According to Abusharati, “forcing the displaced people to return to 15 villages in the area and imposing levies on them to pay for their return, is considered a form of despotism”.

Emptying camps

This week the commissioner for the voluntary return in Darfur, Ibrahim El Tahir, promised to provide basic services to the returnees in three villages in the area of Habila in West Darfur. In a press statement El Tahir said that after the establishment of security, following the recent collection of weapons in the area, displaced people may return to Teles, Hamida and Delisu.

The government is seeking to empty camps in Darfur and make about 2.7 million displaced people voluntarily return. Khartoum plans the camps to become part of the cities and towns, or to voluntarily return the displaced people to their areas of origin.

During El Tahir’s visit to the three villages near Habila, the commissioner said that the visit was an opportunity for the United Nations’ refugee agency (UNHCR) to identify the needs and requirements of the returnees. The commissioner said in a statement to the official Sudanese news agency (Suna) that the visit left a good impression on the returnees.
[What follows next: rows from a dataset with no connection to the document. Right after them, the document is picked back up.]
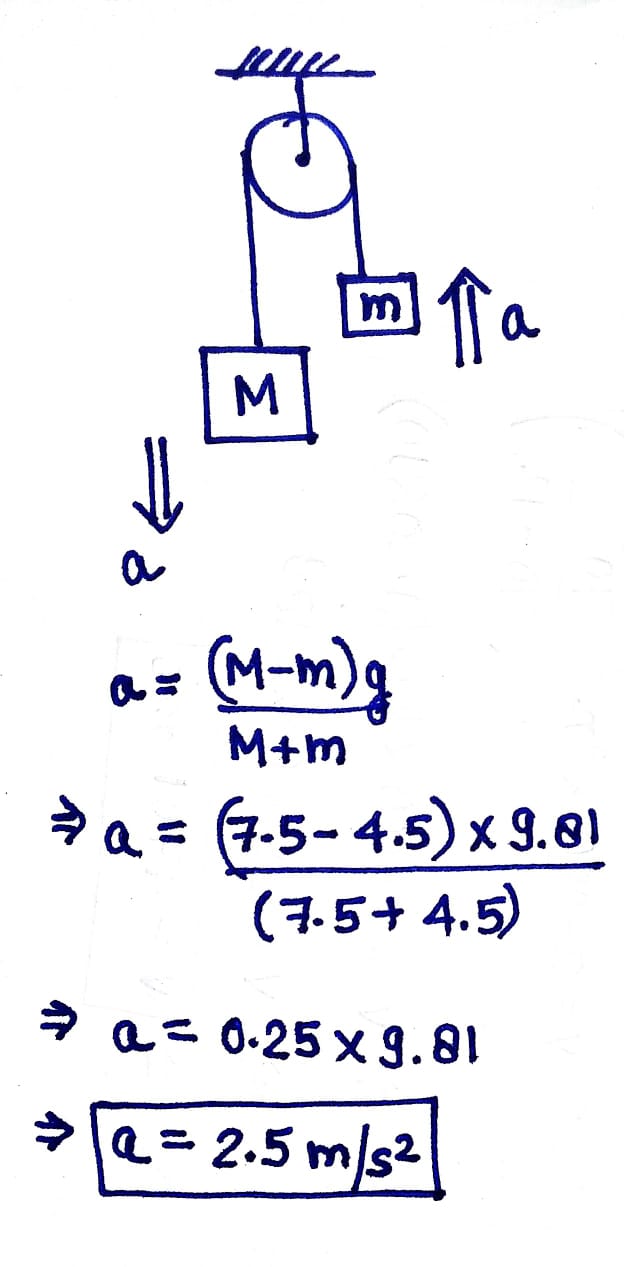 Physics homework question answer, step 1, image 1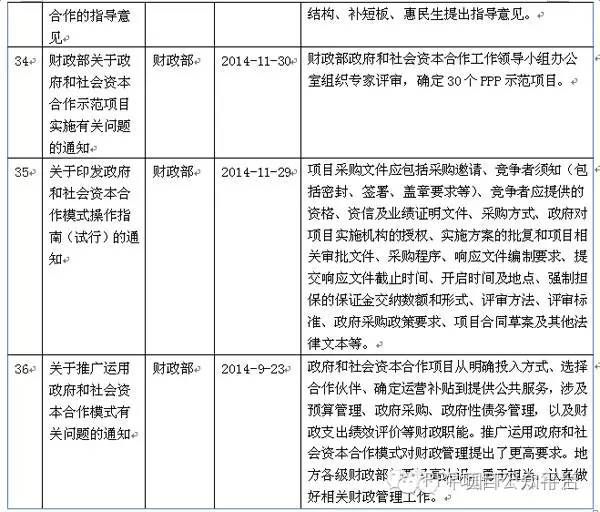 11月3日PPP最新政策解读与实施步骤指南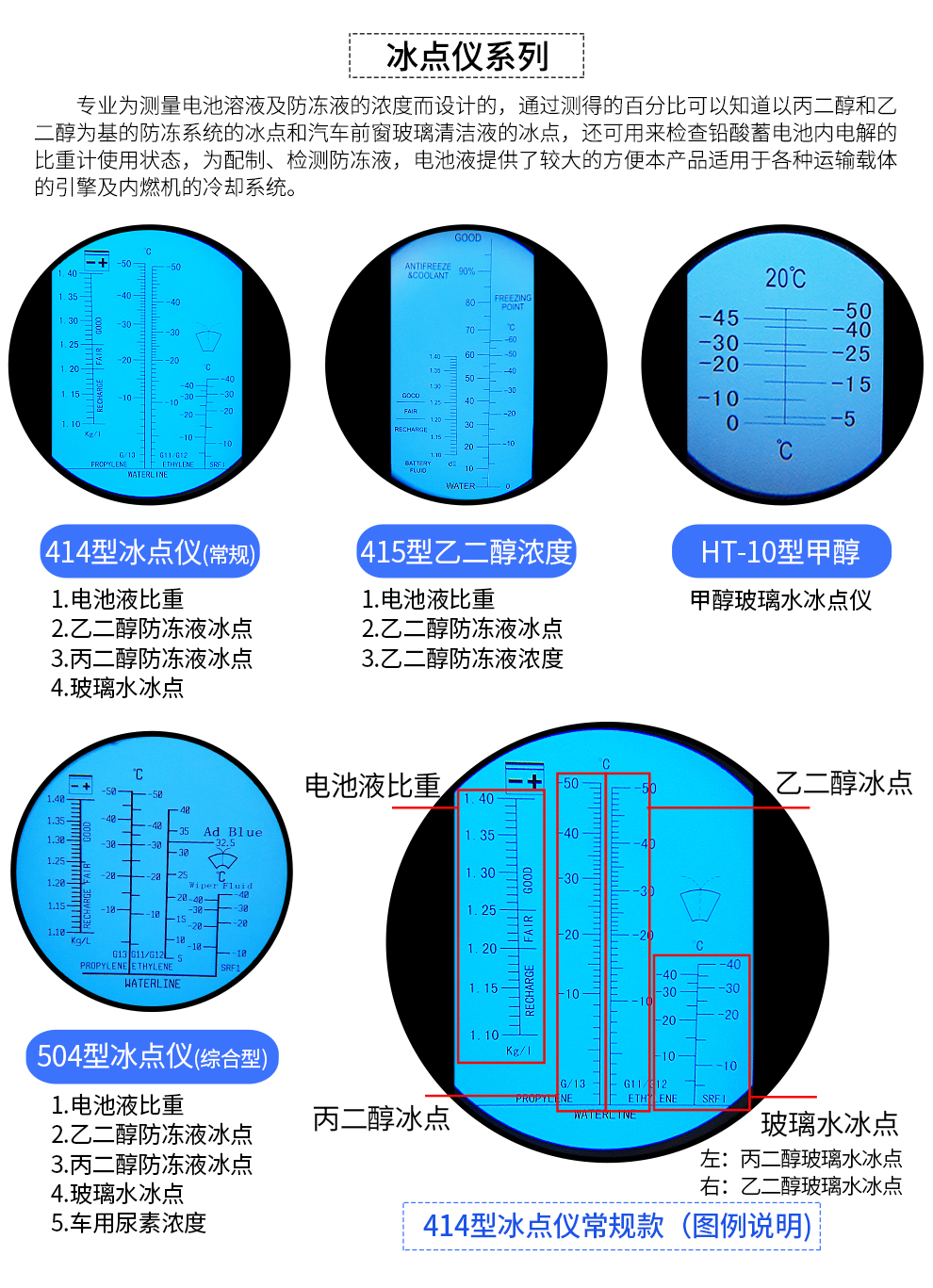 【顺丰邮】力辰科技 手持折光仪糖度计 蜂蜜糖度计 水果甜度切削液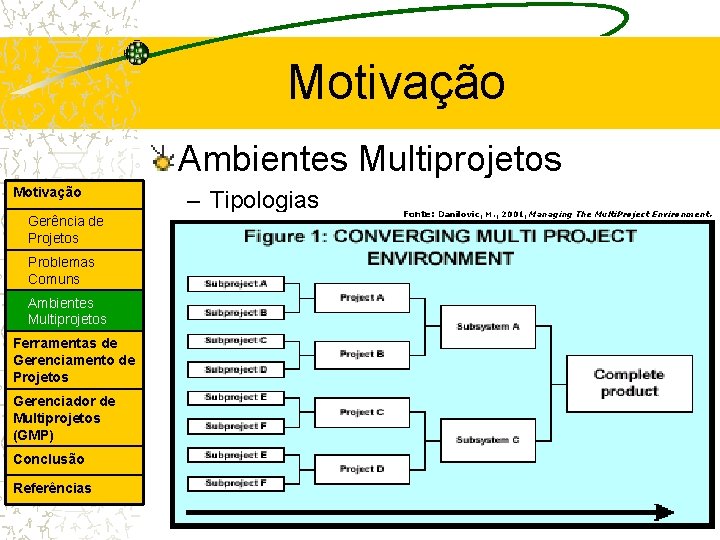 Motivação Ambientes Multiprojetos Motivação Gerência de Projetos Problemas Comuns Ambientes Multiprojetos Ferramentas de Gerenciamento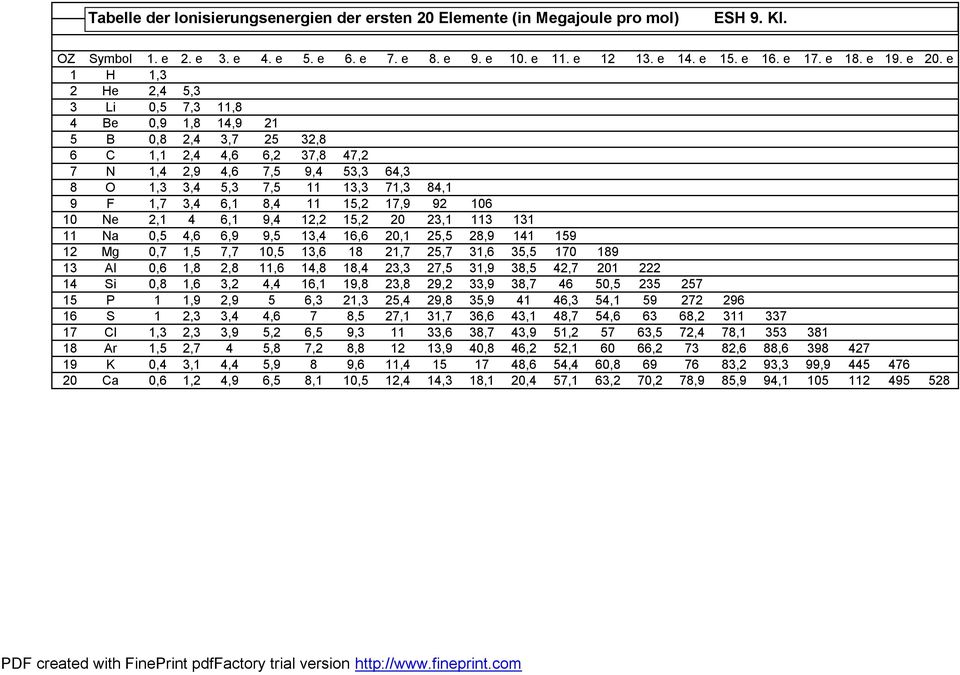 1,7 3,4 6,1 8,4 11 15,2 17,9 92 106 10 Ne 2,1 4 6,1 9,4 12,2 15,2 20 23,1 113 131 11 Na 0,5 4,6 6,9 9,5 13,4 16,6 20,1 25,5 28,9 141 159 12 Mg 0,7 1,5 7,7 10,5 13,6 18 21,7 25,7 31,6 35,5 170 189 13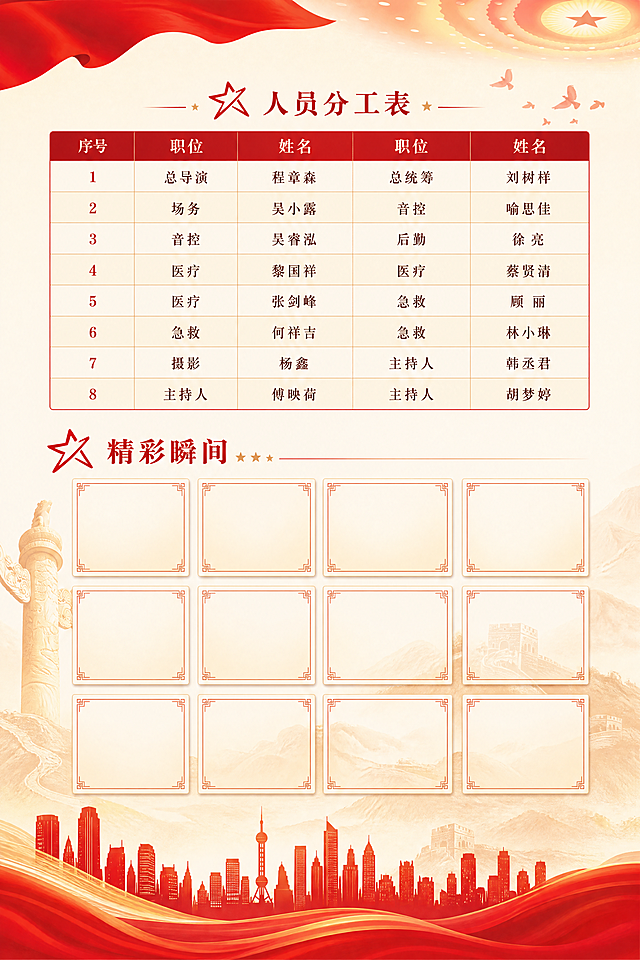 A4竖版宣传手册内页，延续封面红金色党建风风格，华表和长城底纹，城市天际线元素。页面上方三分之一区域放置人员分工表格，表格一行排列两个职位和人名，内容：总导演 程章森、总统筹 刘树样，场务 吴小露、音控 喻思佳，音控 吴睿泓、后勤 徐亮，医疗 黎国祥、医疗 蔡贤清，医疗 张剑峰、急救 顾丽，急救 何祥吉、急救 林小琳，摄影 杨鑫、主持人 韩丞君，主持人 傅映荷、主持人 胡梦婷。页面下方留出12个照片位置排版区域，标题为“精彩瞬间”，整体保持和封面一致的风格，干净整洁。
UNHCR also organised visits to villages for voluntary returnees in Darfur for Sudanese people who have been living in refugee camps in Chad.

In December last year, the UNHCR reported that more than 4,000 Chadian refugees in Central Darfur started their voluntary return home after more than ten years in a Darfur refugee camp. A first group of approximately 301 Chadians have left Um Shalaya camp in Central Darfur for Moudeina in the Sila region of eastern Chad.